Retrospective analysis of the study resulted in the identification of several limitations. The calculations of the turmeric concentration were inaccurate, as small amounts of undissolved insoluble filtrate sedimented to the bottom of the solution prior to pipetting. This would decrease the perceived accuracy of the turmeric concentration during the pipetting step. Additional steps of filtration could be carried out to improve the accuracy.

Another limitation affecting the accuracy and applicability of the results reached was the small sample size which consisted of only five participants from the 4th year dentistry cohort. Small sample size has the potential to increase the margin of error and reduce the confidence interval of the results, reducing the ability to draw definitive conclusions [20]. The sample population of this study (4th year dental students) is not only limited in number but is likely to have a higher standard of oral hygiene practices, due to background knowledge in dentistry. Therefore, plaque samples may not be a true representation of the general population. Additionally, the sample size was limited in diversity of age, race, and gender, which makes it difficult for this study to draw any major conclusions. Furthermore, each individual’s oral cavity has a diverse range and species of bacteria. These bacteria may respond differently to the effects of chlorhexidine gluconate 2 mg/mL which is mainly effective on supragingival plaque, rather than subgingival plaque [21]. Whilst there are genetic variations of each individual’s oral bacteria, this study was not able to identify specific strains of bacteria present in each sample due to lack of sophisticated technology. The operators of this research also had limited background experience in statistics and microbiology which may potentially lead to errors in methodology, data collection, and analysis. This includes stages of the experiment such as pipetting, transferring data onto electronic programs, and mathematically analyzing the results. As such, the results of this study are preliminary and need further corroboration before the findings can be applied.
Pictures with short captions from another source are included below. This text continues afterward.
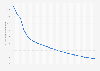 Projected global fertility from 1975 to 2100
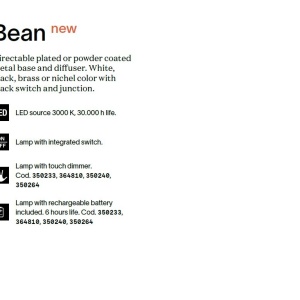 Aplica cu spot LED BEAN AP ROUND RECHARGEABLE NERO - Img 2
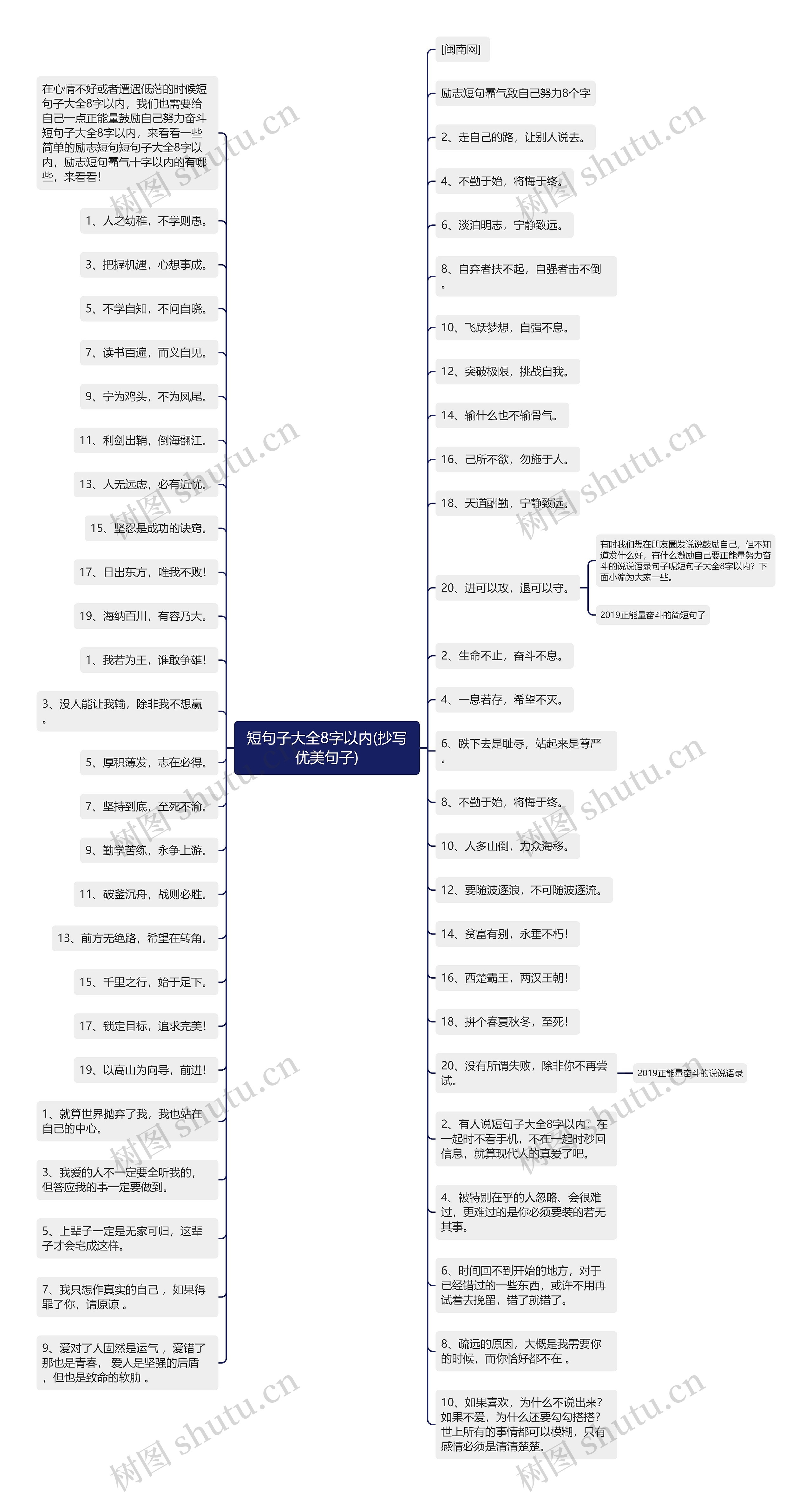 短句子大全8字以内(抄写优美句子)思维导图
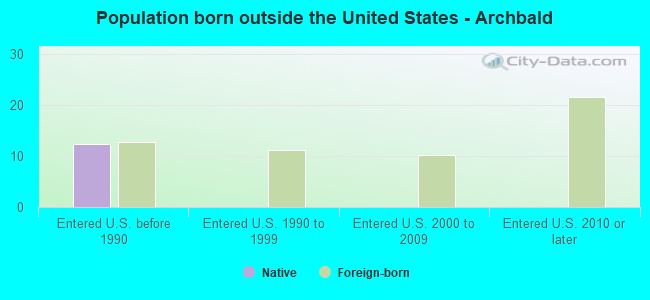 Population born outside the United States - Archbald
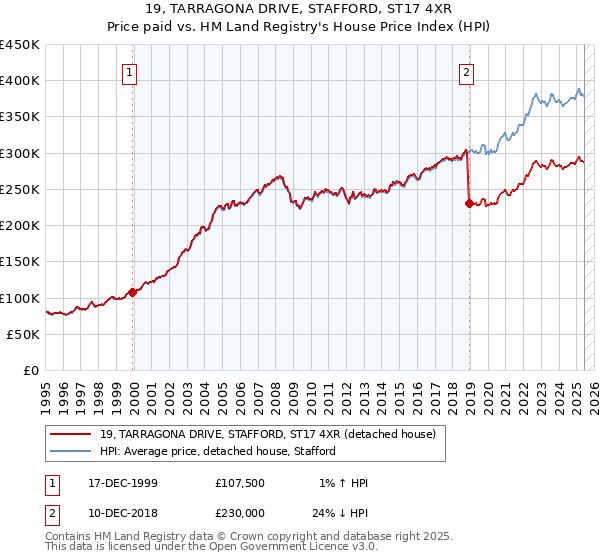19, TARRAGONA DRIVE, STAFFORD, ST17 4XR: Price paid vs HM Land Registry's House Price Index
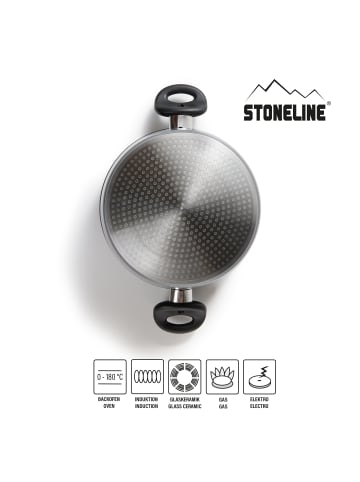 Stoneline Topfset 6 tlg. mit Glasdeckel geeignet, Aluguss in Anthrazit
The results of this study can be implemented as a tool for education purposes for those who use CAMs on a regular basis. Although curcumin itself has been shown to be an effective antimicrobial and anti-inflammatory agent, turmeric powder as a whole has inferior antibacterial properties than pure curcumin on its own. As such, homemade solutions of turmeric mouth rinses are unlikely to have significant antibacterial effects.

6. Conclusions

This in-vitro study evaluated the effects of varying concentrations of turmeric on the growth of oral bacteria. The results demonstrated that turmeric exhibited poor antibacterial properties, with a higher rate of bacterial growth compared to that observed from bacteria in the growth medium alone. Hence, homemade solutions of turmeric mouthwashes are unlikely to have significant antibacterial effects. However, due to limited sample size, it is difficult to extrapolate these results onto a larger scale population, and therefore, further randomized controlled trial studies are required to strengthen the findings of this research.